La Syrie a fermé lundi sa frontière avec la Jordanie, a annoncé le ministre jordanien de l'Information Taher Adwan, cité par l'agence Petra, quelques heures après une intervention massive des forces de sécurité syriennes à Deraa, près de la frontière avec le royaume.

"La Syrie a fermé ses frontières terrestres avec la Jordanie. La décision syrienne est liée à la situation interne en Syrie", a indiqué M. Adwan, cité par l'agence officielle Petra. "Nous espérons que la situation revienne rapidement à la normale", a-t-il ajouté.

Sanctions américaines proches

L'administration Obama examine actuellement toute une série de mesures frappant le gouvernement syrien, y compris des sanctions à l'encontre de hauts dirigeants du régime du président Bachar al-Assad, a annoncé lundi un responsable de l'administration Obama.

Les mesures à l'étude pourraient comprendre un gel des avoirs et une interdiction de faire des affaires aux Etats-Unis. On ignore la date à laquelle ces mesures pourraient être imposées.

Des sanctions contre le gouvernement de Bachar el-Assad sont une réponse possible "pour faire comprendre au gouvernement syrien" que les Etats-Unis estiment "qu'il doit cesser les violences qu'il commet contre ses propres citoyens", a expliqué le porte-parole de la Maison Blanche, Jay Carney.
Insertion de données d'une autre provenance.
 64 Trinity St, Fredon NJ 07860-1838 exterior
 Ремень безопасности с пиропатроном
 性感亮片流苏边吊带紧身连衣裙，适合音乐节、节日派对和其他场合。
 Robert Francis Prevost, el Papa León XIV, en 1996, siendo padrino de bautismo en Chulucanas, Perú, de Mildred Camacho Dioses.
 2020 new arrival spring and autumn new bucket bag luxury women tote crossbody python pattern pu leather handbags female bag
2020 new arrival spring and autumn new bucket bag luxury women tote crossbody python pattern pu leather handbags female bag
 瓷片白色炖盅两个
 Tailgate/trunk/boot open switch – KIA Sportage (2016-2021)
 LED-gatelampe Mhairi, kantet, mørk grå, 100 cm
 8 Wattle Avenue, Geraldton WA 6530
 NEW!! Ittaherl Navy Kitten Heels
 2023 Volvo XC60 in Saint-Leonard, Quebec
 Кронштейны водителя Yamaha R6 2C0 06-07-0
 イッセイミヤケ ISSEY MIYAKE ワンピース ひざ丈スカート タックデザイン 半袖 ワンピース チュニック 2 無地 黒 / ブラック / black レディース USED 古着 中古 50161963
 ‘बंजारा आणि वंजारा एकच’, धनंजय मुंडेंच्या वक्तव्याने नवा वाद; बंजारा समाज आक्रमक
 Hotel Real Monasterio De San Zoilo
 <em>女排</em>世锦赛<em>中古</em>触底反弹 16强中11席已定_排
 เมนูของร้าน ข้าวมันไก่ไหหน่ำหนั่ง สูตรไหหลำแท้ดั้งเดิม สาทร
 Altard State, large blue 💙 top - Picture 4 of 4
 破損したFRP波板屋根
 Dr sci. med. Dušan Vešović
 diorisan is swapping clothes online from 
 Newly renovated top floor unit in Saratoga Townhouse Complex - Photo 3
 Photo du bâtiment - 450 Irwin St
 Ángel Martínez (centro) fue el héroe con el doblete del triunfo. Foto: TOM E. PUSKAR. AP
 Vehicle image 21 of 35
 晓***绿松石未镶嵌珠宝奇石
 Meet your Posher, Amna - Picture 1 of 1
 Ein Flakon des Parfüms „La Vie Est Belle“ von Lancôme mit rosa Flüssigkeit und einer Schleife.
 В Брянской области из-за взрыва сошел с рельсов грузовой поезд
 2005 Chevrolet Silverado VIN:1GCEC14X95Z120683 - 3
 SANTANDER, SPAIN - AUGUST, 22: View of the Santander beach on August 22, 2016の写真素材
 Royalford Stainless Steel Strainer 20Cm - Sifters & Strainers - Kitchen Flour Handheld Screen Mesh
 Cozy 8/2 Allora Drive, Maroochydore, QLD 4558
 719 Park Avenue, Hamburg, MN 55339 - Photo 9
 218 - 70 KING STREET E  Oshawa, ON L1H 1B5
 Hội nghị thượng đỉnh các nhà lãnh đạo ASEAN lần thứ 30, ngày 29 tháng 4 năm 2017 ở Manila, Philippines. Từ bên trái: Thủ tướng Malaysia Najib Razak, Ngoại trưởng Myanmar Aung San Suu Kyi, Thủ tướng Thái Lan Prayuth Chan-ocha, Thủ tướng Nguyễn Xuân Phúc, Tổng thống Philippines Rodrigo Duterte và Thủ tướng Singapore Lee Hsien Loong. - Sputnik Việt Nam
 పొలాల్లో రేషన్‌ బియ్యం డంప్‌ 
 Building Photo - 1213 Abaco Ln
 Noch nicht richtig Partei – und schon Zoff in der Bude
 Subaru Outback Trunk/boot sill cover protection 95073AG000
"Le peuple syrien devrait être respecté, ses droits devraient être respectés, (les Syriens) ne devraient pas être attaqués, ils ne devraient pas être tués", a-t-il ajouté. "Nous appelons à des processus de réforme."

C'est la première fois que Washington évoque de possibles sanctions depuis le début du mouvement de contestation, il y a plus de deux mois.